*** Exercise inputs

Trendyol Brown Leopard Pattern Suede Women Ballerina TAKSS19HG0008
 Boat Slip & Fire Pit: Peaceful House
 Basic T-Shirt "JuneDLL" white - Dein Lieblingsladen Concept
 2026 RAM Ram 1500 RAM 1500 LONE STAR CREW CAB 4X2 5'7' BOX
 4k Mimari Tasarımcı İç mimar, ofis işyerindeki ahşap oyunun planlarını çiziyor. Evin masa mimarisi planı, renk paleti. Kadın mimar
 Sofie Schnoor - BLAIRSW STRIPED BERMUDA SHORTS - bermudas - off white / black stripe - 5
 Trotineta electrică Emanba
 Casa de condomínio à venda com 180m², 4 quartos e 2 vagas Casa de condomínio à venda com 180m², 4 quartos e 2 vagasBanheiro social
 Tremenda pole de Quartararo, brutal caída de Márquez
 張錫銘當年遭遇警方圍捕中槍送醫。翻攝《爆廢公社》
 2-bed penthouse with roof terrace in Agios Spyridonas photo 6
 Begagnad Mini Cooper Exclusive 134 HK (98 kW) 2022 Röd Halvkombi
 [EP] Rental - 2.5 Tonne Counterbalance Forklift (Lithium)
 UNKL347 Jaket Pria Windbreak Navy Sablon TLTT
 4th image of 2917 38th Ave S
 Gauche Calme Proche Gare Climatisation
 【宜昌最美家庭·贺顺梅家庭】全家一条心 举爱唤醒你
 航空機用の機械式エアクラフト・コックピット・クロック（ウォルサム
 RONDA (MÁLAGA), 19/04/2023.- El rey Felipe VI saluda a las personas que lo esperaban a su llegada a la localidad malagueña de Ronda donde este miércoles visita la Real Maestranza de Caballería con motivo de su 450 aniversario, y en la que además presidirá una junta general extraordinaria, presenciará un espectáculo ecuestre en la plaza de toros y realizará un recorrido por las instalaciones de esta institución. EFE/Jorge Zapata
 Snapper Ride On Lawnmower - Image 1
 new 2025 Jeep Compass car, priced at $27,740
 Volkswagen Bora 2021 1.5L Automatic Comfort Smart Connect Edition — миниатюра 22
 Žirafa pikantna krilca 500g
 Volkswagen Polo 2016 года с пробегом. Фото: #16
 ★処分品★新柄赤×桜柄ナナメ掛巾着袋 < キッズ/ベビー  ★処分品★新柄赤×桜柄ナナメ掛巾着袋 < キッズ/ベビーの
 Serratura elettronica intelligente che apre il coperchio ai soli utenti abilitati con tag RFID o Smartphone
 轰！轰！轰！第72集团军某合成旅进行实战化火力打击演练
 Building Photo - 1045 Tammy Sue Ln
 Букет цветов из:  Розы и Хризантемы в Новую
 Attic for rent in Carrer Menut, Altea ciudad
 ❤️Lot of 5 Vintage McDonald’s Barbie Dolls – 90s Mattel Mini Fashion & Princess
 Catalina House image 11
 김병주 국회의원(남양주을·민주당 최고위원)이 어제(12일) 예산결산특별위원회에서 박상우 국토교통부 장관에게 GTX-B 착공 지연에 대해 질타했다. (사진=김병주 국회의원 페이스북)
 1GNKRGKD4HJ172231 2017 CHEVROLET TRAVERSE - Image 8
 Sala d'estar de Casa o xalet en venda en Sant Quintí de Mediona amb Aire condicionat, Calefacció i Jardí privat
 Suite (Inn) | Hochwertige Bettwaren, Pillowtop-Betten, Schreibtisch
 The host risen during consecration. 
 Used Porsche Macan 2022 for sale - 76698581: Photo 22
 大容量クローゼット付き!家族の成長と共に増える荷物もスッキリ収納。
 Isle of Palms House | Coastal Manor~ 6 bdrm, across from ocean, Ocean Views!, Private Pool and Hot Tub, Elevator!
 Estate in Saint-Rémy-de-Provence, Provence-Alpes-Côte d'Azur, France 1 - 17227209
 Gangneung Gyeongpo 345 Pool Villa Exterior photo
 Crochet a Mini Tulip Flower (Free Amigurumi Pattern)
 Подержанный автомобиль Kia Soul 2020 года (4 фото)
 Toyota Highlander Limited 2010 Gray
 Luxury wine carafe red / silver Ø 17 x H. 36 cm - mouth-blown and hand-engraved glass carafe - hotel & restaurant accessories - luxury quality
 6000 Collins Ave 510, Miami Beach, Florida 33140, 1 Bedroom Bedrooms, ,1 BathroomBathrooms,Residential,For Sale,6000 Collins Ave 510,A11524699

******

Action item ::
Would you copy every line from the listing above that has the string "white" in it?

Task solution ::
 Basic T-Shirt "JuneDLL" white - Dein Lieblingsladen Concept
 Sofie Schnoor - BLAIRSW STRIPED BERMUDA SHORTS - bermudas - off white / black stripe - 5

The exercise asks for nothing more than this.